The object of the society, as declared in the act incorporating it, is, “for the disseminating moral and religious instruction, and other charities, among sailors and laborers doing business on our Western waters.” The society’s buildings are in charge of a superintendent appointed by the management of the home office, and is used chiefly as a boarding and lodging house for “ sailors, stevedores, dock-men, and that class of men,” but other persons are accommodated with both lodging and board. All that are able are required to pay something for what they get, and under that arrangement some persons entertained pay as high as $4.50 per week, and others pay but trifling sums, according to their ability, while still others are maintained gratuitously. The charges, when any are made, are graduated according to the accommodations furnished. All the income derived from boarders, lodgers or transient persons, is appropriated to maintaining the institution. No part of it is divided as private gain to the officers. Religious services are held in the building, but no part of it seems to be used exclusively for that purpose. -The society bought the property and paid for it, but, for convenience, it was conveyed, by deed absolute in its terms, to Benjamin Fraukland, who testifies he claims no personal interest in the property, but holds it in trust for the corporation, of which he is one of the directors, and superintendent of the Chicago house.
Our statute provides, all real property in this State, subject to taxation, shall be “ listed to the owner thereof.” ’ As we have seen, the legal title to the property assessed was in a private individual. No trust had then been declared, and, so far as appeared of record, or the officers making the assessment could know, a private citizen was the owner, in the sense that term is used in the revenue law. That being so, the property was rightfully assessed in that way, under the revenue law, notwithstanding the equitable title may have been in another person or corporation. If it was trust property, it was, no doubt, the duty of the trustee to list the property, if subject to taxation, in the name of the party for whose benefit it was held; but that he did not do. Conceding the property was subject to taxation, it is immaterial whether it was listed in the name of the apparent owner, or by the trustee in the name of the equitable owner.
Property exempt from taxation under that clause of the revenue law cited, is property of “ institutions of purely pub-lie charity.” Such institutions must be corporations, or else they would not be capable of taking and holding property, either real or personal. What institutions had the General Assembly in view, in providing for exemption from taxation as to their property? Primarily, the legislature must have meant such institutions of public charity as have been or may be established by the laws of this State—such as asylums for the care of the insane, deaf and dumb, and blind, and other institutions exclusively for the relief of that unfortunate class of persons who are maintained by the public charity of the State.
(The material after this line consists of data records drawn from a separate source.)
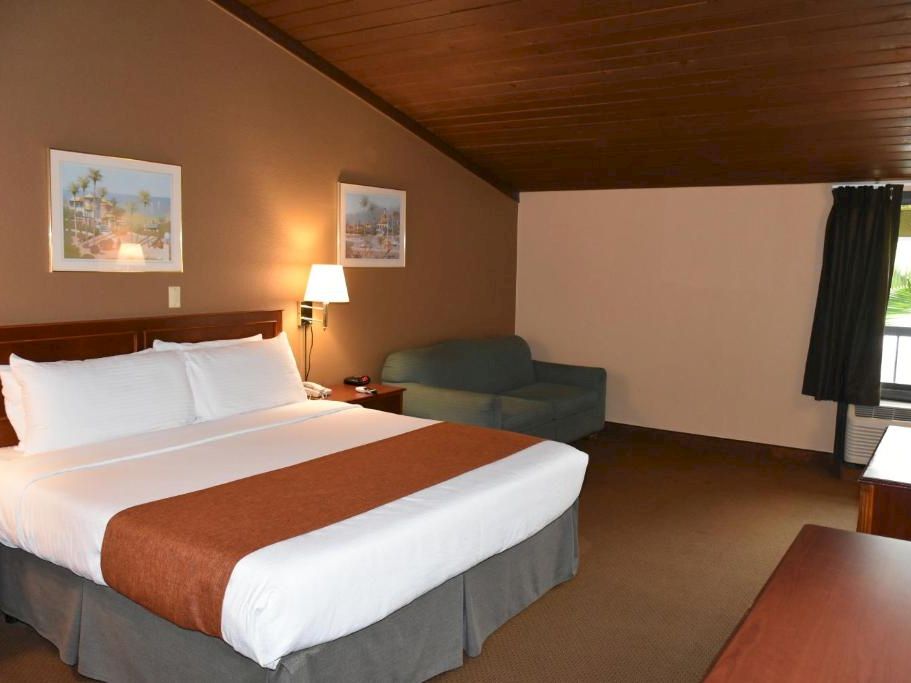 A hotel room with a large bed, white linens, brown runners, a sofa, a desk, wall art, and a window with dark curtains, under a wood-paneled ceiling.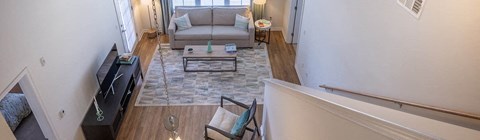 A living room with a grey couch and a coffee table.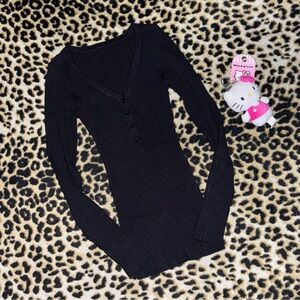 y2k inspired black form fitting long sleeve top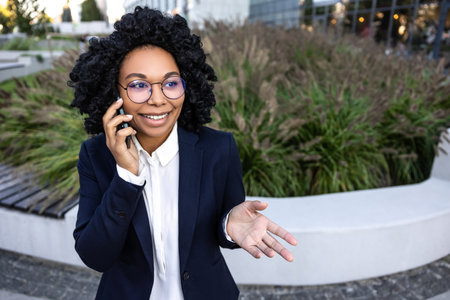 Elegant good-looking business woman talking on the phoneの写真素材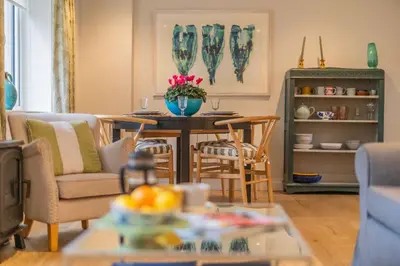 a living room with a table and chairs at Marsh View in Aldeburgh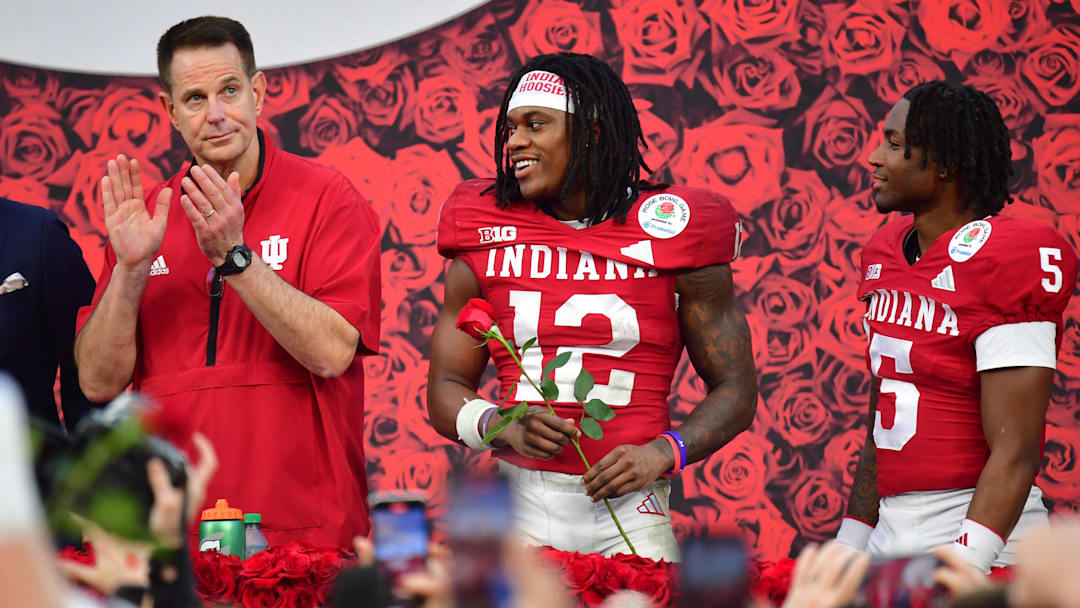 Jan 1, 2026; Pasadena, CA, USA; Indiana Hoosiers head coach Curt Cignetti and defensive back Devan Boykin (12) celebrate after defeating the Alabama Crimson Tide in the 2026 Rose Bowl and quarterfinal game of the College Football Playoff at Rose Bowl Stadium. Mandatory Credit: Gary A. Vasquez-Imagn Images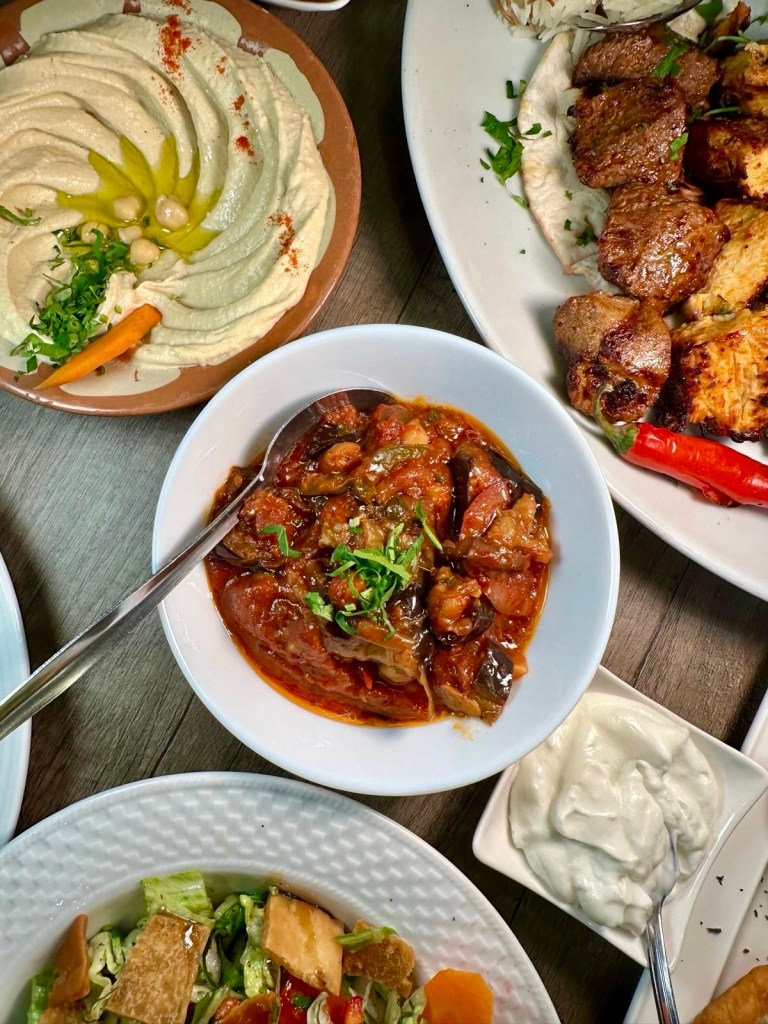 Lebanese moussaka with baked aubergine, tomato, onion, chickpeas, and sweet peppers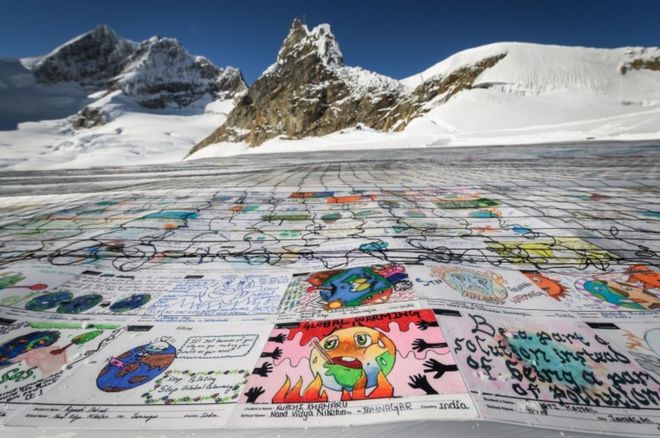 Аэрофотоснимок показывает огромный коллаж рисунков об изменении климата, выложенный на леднике Алеч в швейцарских Альпах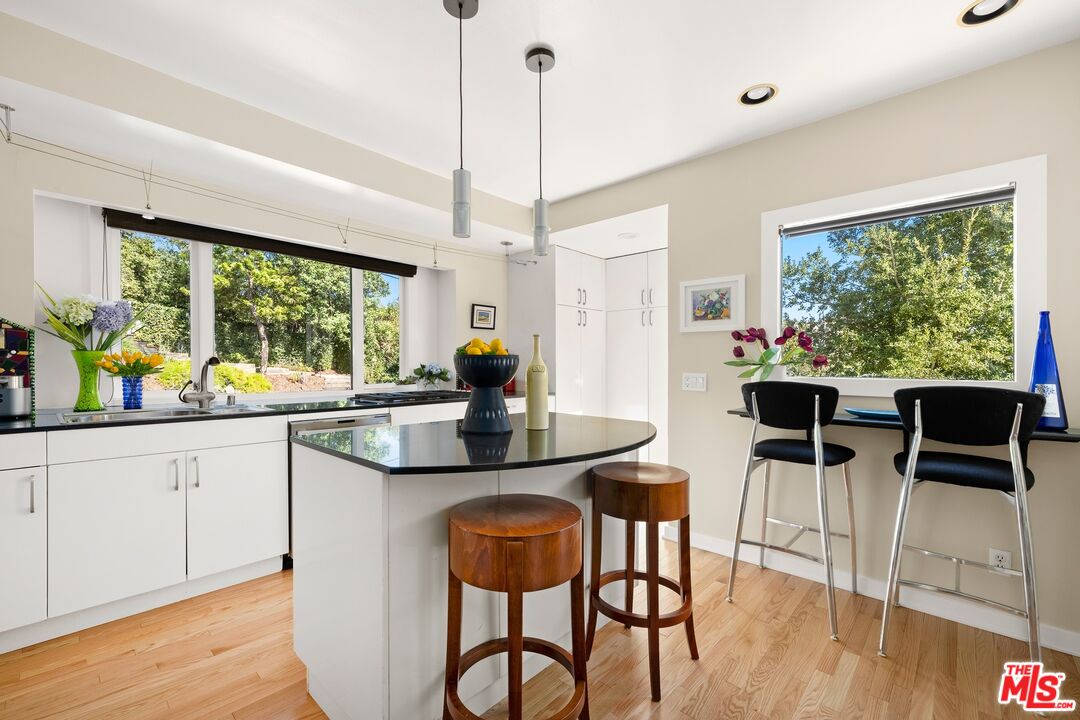 680 Glenmore Boulevard Glendale, CA 91206 - Photo 8 of 15 a kitchen with stainless steel appliances kitchen island wooden cabinets and dining table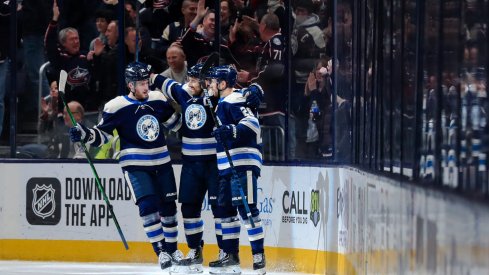 Feb 20, 2020; Columbus, Ohio, USA; Columbus Blue Jackets left wing Nick Foligno (middle) celebrates with teammate center Pierre-Luc Dubois (left) and right wing Oliver Bjorkstrand (right) after scoring a goal against the Philadelphia Flyers in the first period at Nationwide Arena.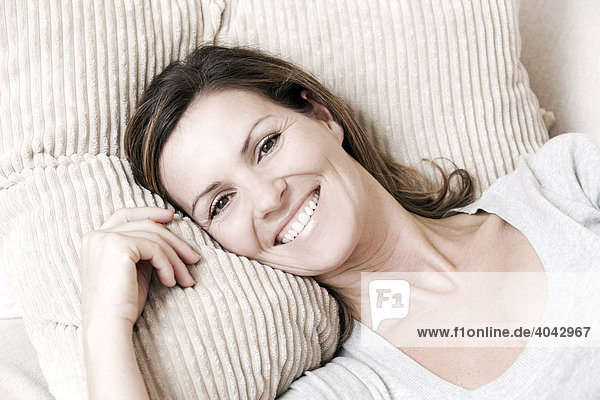Woman lying against a sofa cushion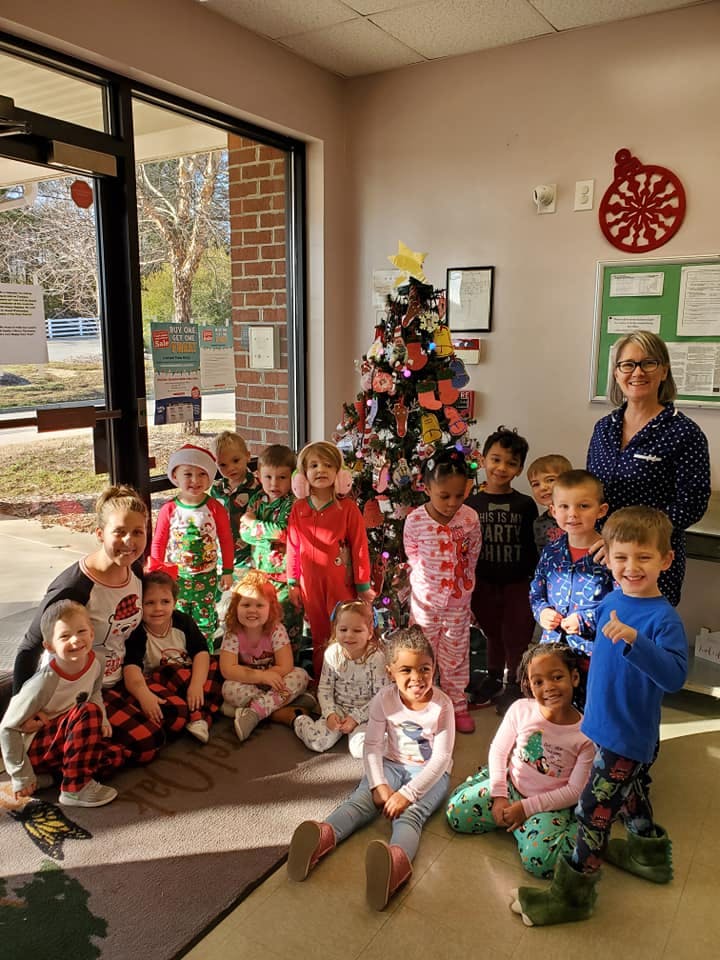 Adult and children in pajamas posing in front of a decorated Christmas tree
Under our constitution, that requires that all taxes shall be imposed equally upon the property of persons and corporations, exemptions from such burdens are to be construed strictly, and are not enlarged or made to embrace other subjects, by judicial construction, than those plainly expressed in the act. It may be well doubted whether that clause of the statute was intended by the legislature to embrace more than institutions of public charity, such as have been founded and are maintained solely by the State, as contradistinguished from institutions founded by private enterprise for the dispensation of private charities. Belonging to the latter class is the institution now seeking exemption from taxation on its property. It was founded by private enterprise, is maintained chiefly by donations from benevolent persons, and is an almoner of purely private charity.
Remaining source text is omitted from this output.